Architecting a High Specific Energy Aqueous Aluminum–Manganese Battery

Aluminum-based aqueous batteries are considered one of the most promising candidates for the upcoming generation energy storage systems owing to their high mass and volume-specific capacity, high stability, and abundant reserves of Al. But the side reactions of self-corrosion and passive film severely impede the advancement of aluminum batteries. Besides, the ideal matched electrolyte system and cathode working mechanism still need to be explored.
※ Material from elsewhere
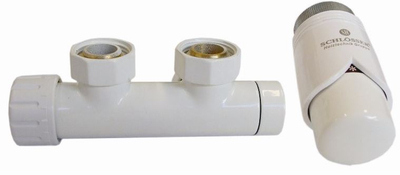 Set Duo-plex Schlosser, 3/4" M22x1.5, i bardhë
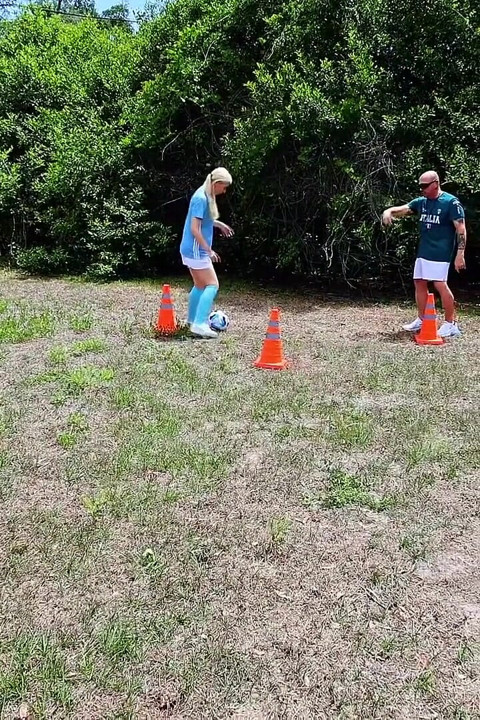 Soccer Coach Fucks Female Player and Her Stepmom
Herein, a high specific energy aqueous aluminum–manganese battery is constructed by interfacial modified aluminum anode, high concentration electrolyte and layered manganese dioxide cathode. At the anode, in addition to boosting the wettability of the interface between the electrolyte and aluminum electrode, the altered surface of aluminum anode can also retard side reactions. At the same time, high concentration electrolyte (5 mol L⁻¹ Al(OTF)₃) with a broad electrochemical window allows the battery system to attain a specific capacity of 452 mAh g⁻¹ at 50 mA g⁻¹ and an energy density of 542 Wh kg⁻¹, with greatly increased cycle stability. At the cathode, the mechanism investigation reveals that δ-MnO₂ is reduced to soluble Mn²⁺ during the first cycle discharge, whereas Al_xMn_(1−x)O₂ generates during the charging process, acting as a highly reversible active material in the succeeding cycle. This comprehensive study paves the way for the development of aluminum-based energy storage devices.